* Captioned web image data
━━━━━━━━
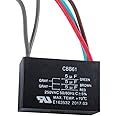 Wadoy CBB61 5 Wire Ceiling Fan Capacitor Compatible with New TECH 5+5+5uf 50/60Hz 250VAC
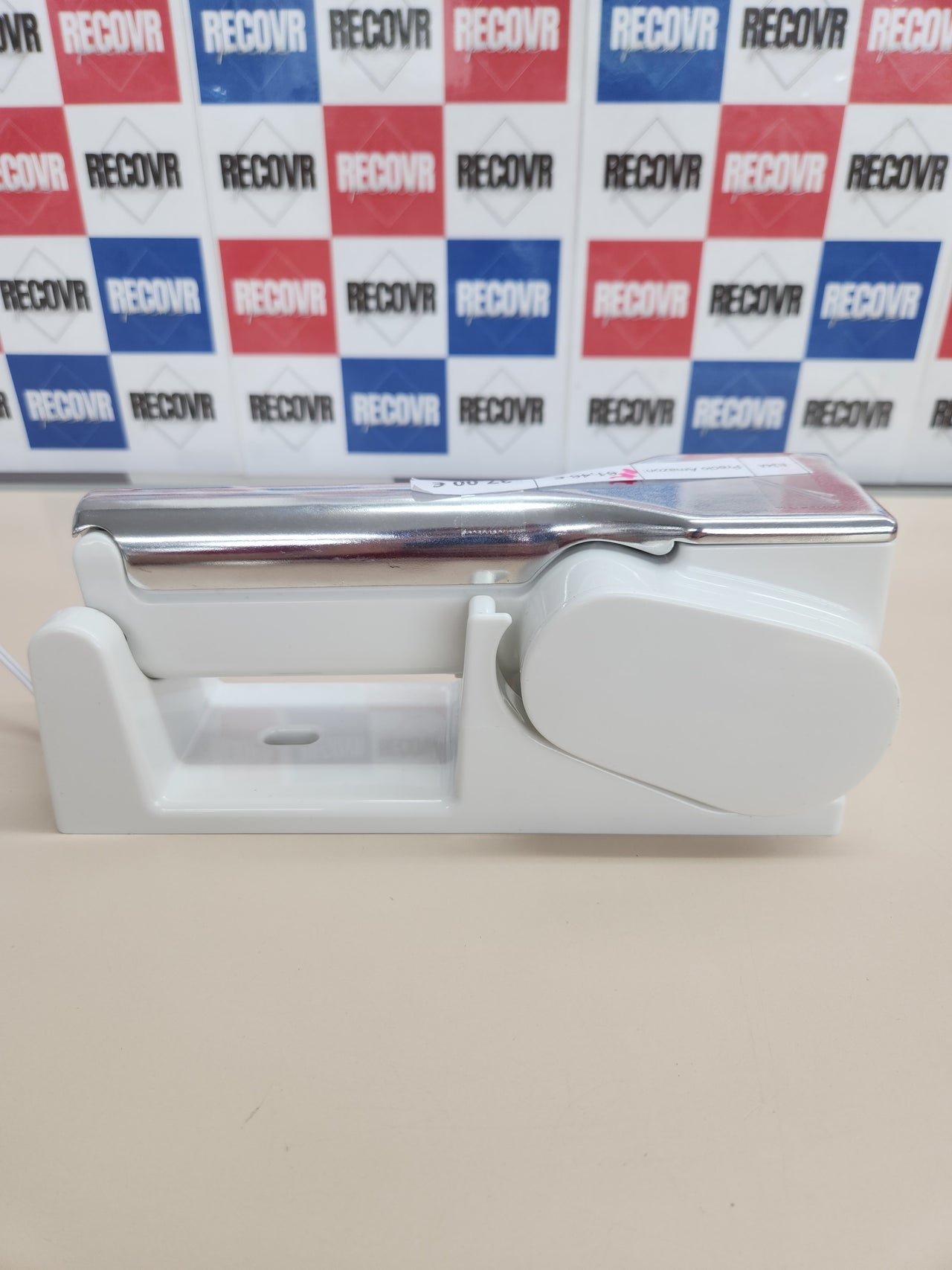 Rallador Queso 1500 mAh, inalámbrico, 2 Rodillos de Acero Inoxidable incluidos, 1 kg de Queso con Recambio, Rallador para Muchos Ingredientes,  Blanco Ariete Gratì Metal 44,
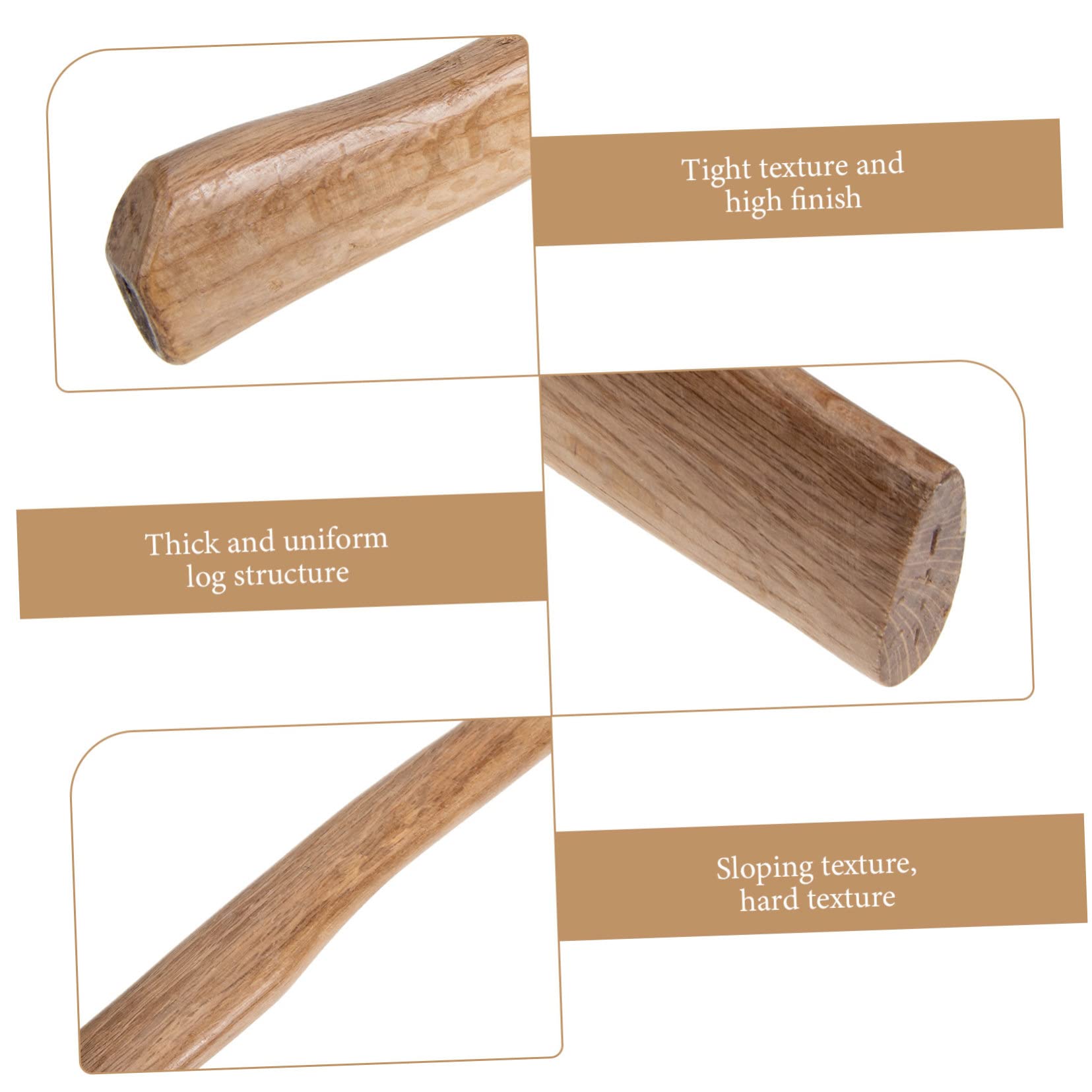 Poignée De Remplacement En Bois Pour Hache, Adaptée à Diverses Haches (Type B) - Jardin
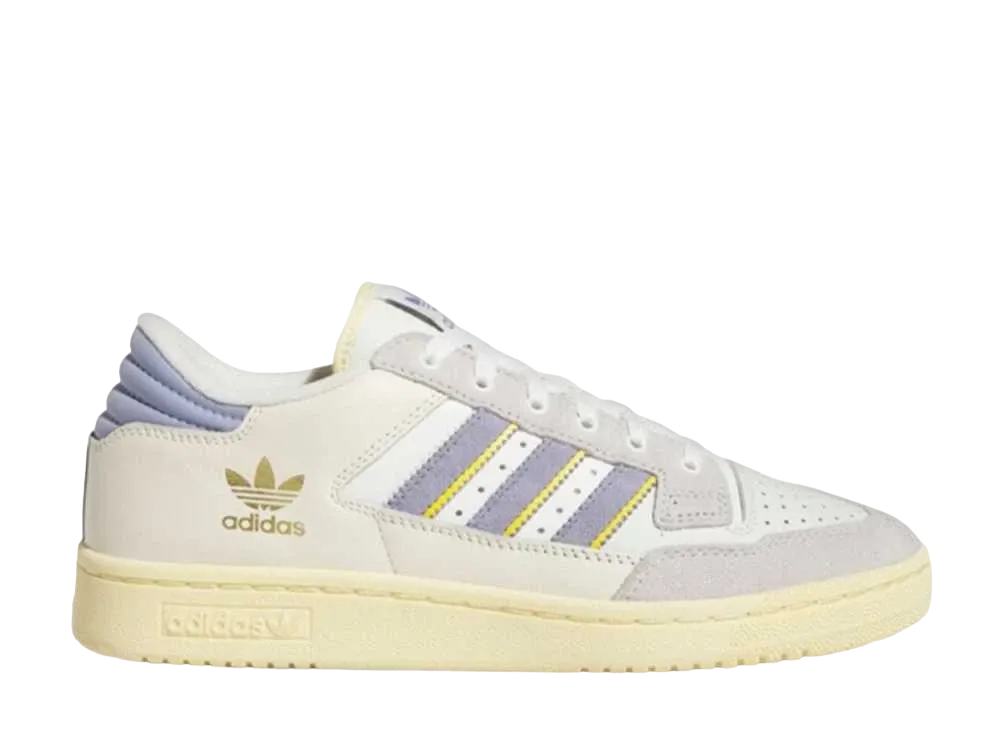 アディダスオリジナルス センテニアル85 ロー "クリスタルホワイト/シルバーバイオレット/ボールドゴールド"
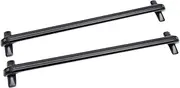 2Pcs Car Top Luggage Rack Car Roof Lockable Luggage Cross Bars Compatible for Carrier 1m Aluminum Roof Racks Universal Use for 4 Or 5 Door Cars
━━━━━━━━
* EXERCISE OBJECTIVE
An exact copy of the lines above, from the first through the line that holds "アディダスオリジナルス センテニアル85 ロー", is what is needed; leave the pictures out.

* EXERCISE RESULT
 Wadoy CBB61 5 Wire Ceiling Fan Capacitor Compatible with New TECH 5+5+5uf 50/60Hz 250VAC
 Rallador Queso 1500 mAh, inalámbrico, 2 Rodillos de Acero Inoxidable incluidos, 1 kg de Queso con Recambio, Rallador para Muchos Ingredientes,  Blanco Ariete Gratì Metal 44,
 Poignée De Remplacement En Bois Pour Hache, Adaptée à Diverses Haches (Type B) - Jardin
 アディダスオリジナルス センテニアル85 ロー "クリスタルホワイト/シルバーバイオレット/ボールドゴールド"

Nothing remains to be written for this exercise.